In the records below, find the line containing "The Prince Edward", then copy that line and all lines after it, exactly, omitting every picture.

Dataset content =
============
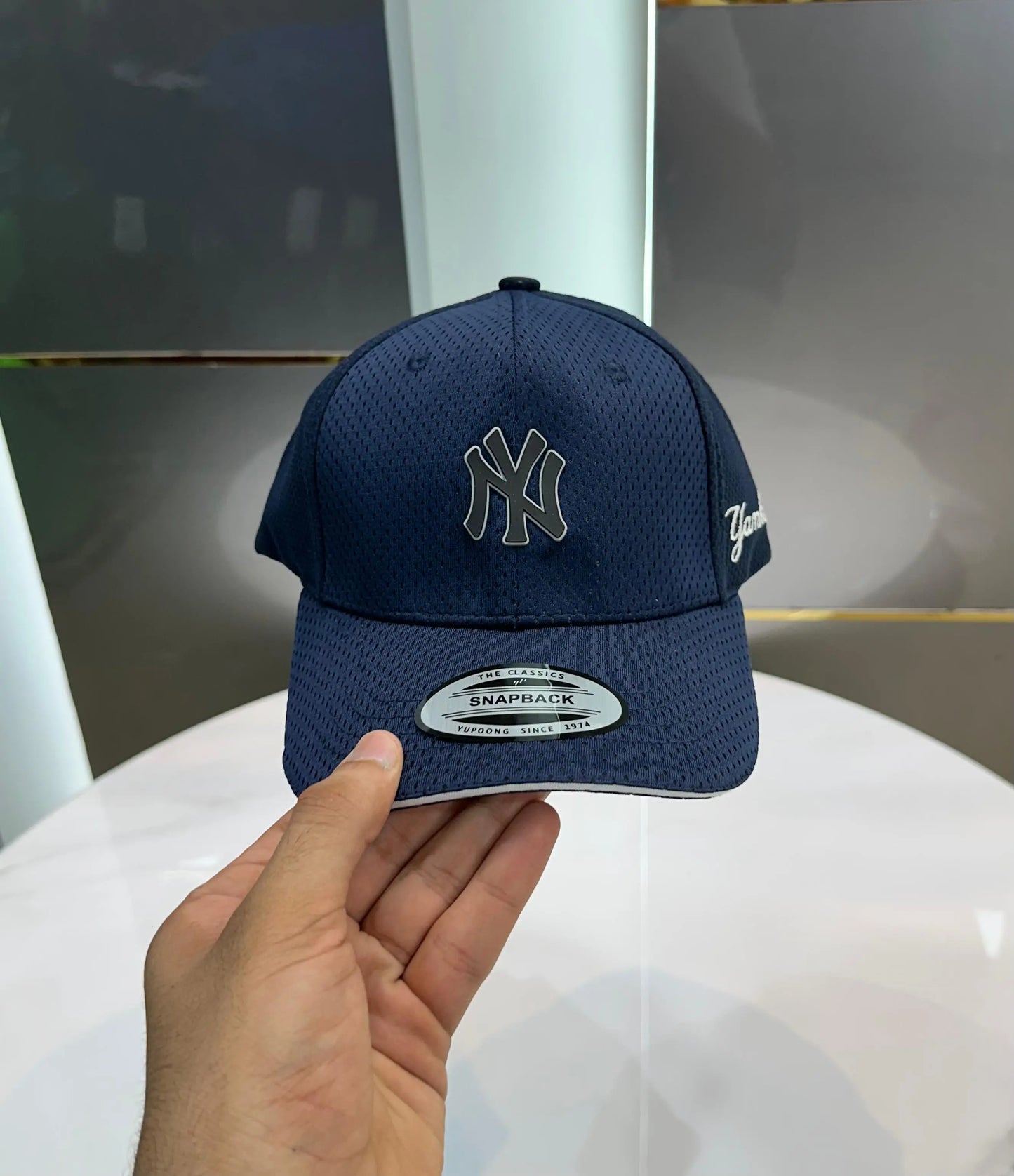NY Yankees Navy Premium Imported Cap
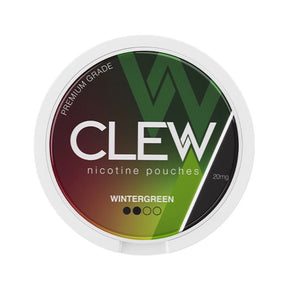 CLEW Wintergreen 20mg nicotine pouches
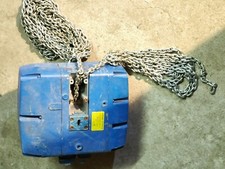 ABUS GM3 500Kg Elektro Kettenzug Kran Hallenkran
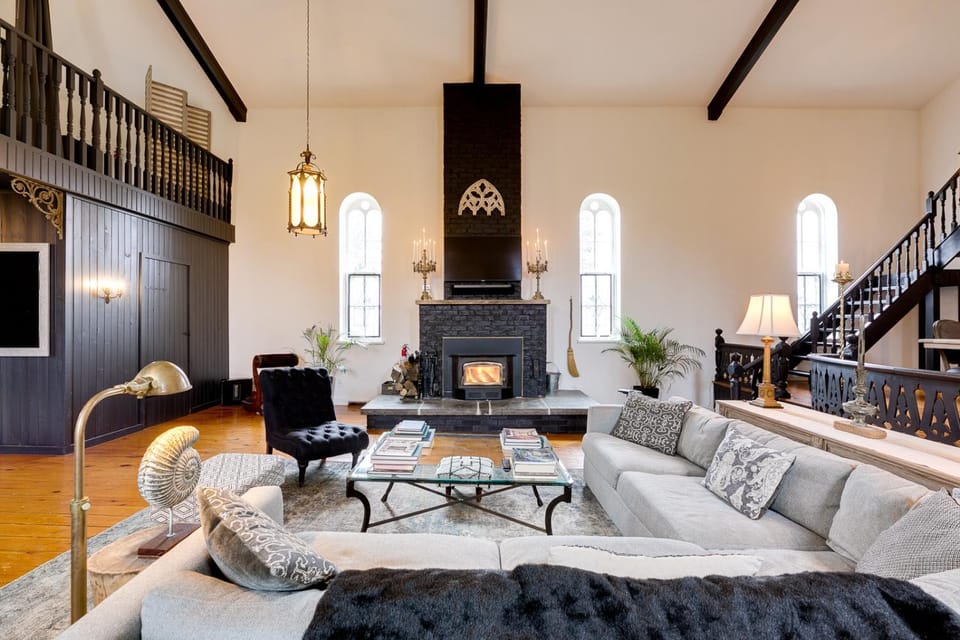 The Prince Edward County Church, A Unique Escape House in New York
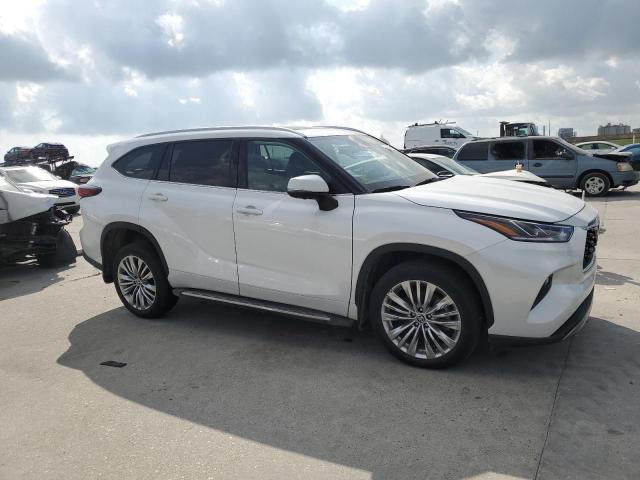Vin: 5tdkdrah6rs535933, lot: 56011885, toyota highlander le 20244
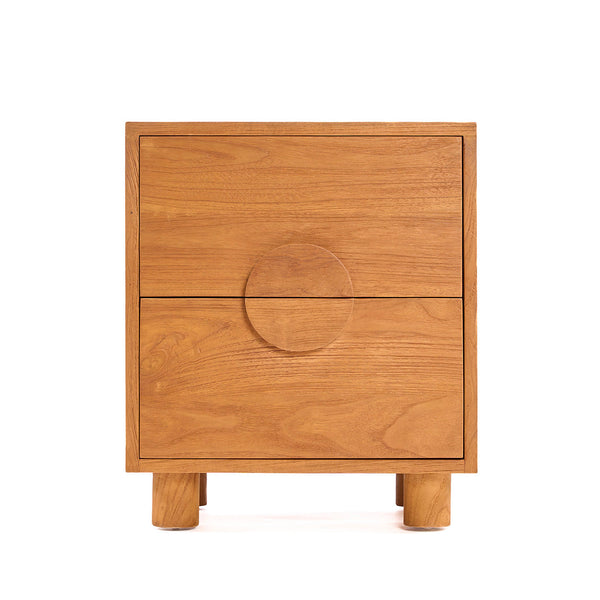 La table de chevet Eclipse - Naturel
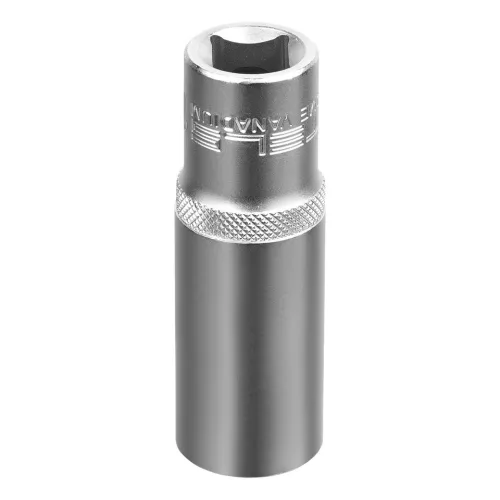 STELS 1/2" 18mm hosszított dugókulcs DR 6 hatlapfejű, Professional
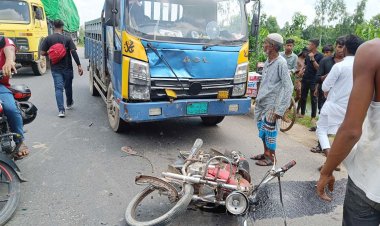 পিকআপের ধাক্কায় দুই মোটরসাইকেল আরোহী নিহত 
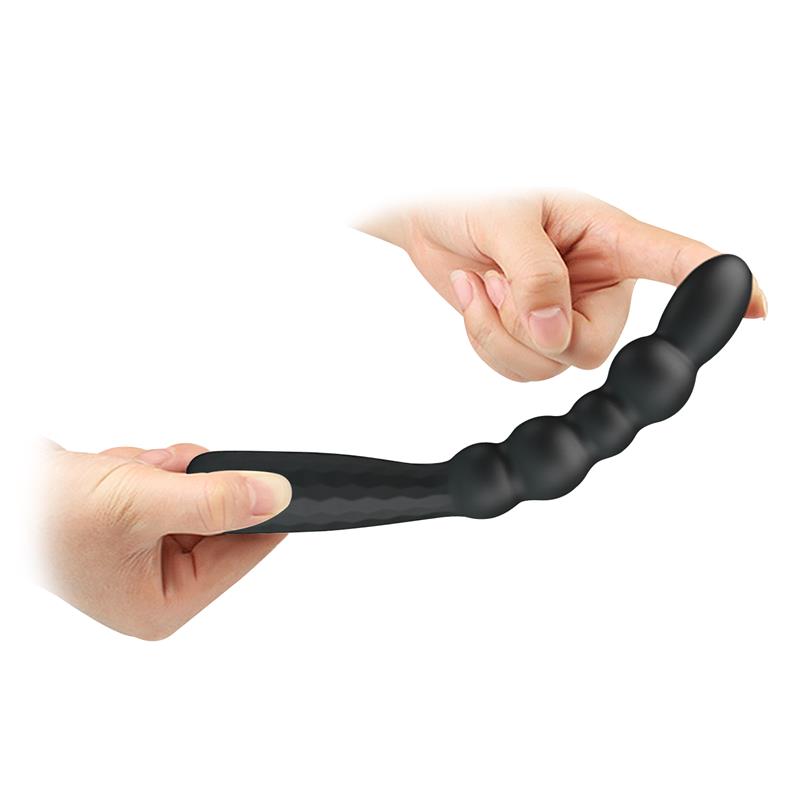 Vibrador Anal Flexible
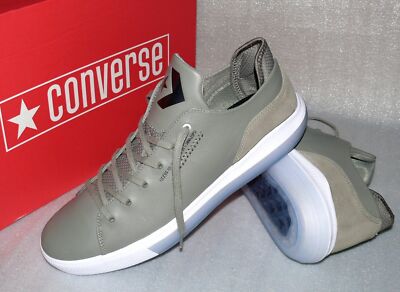 Converse 161243C Nexus X Nike AIR OX Leder Schuhe Sneaker Boots 44,5 46,5 Stucco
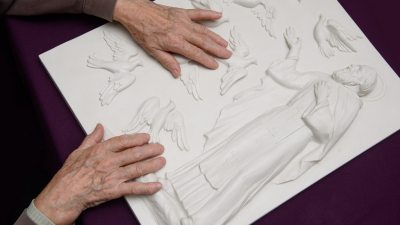 В Петербурге откроется выставка тактильных картин для незрячих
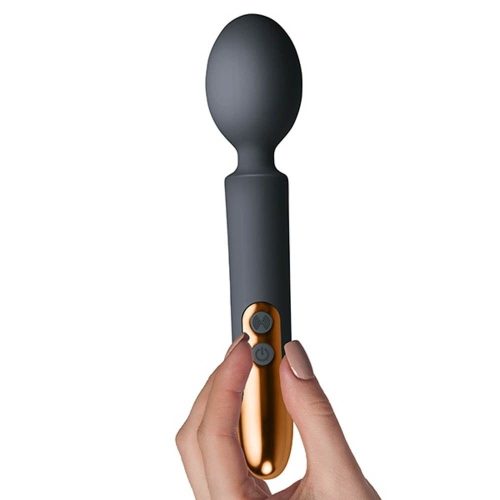 Oriel Rechargeable Wand - černá a měděná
============
Task answer =
 The Prince Edward County Church, A Unique Escape House in New York
Vin: 5tdkdrah6rs535933, lot: 56011885, toyota highlander le 20244
 La table de chevet Eclipse - Naturel
 STELS 1/2" 18mm hosszított dugókulcs DR 6 hatlapfejű, Professional
 পিকআপের ধাক্কায় দুই মোটরসাইকেল আরোহী নিহত 
 Vibrador Anal Flexible
 Converse 161243C Nexus X Nike AIR OX Leder Schuhe Sneaker Boots 44,5 46,5 Stucco
 В Петербурге откроется выставка тактильных картин для незрячих
 Oriel Rechargeable Wand - černá a měděná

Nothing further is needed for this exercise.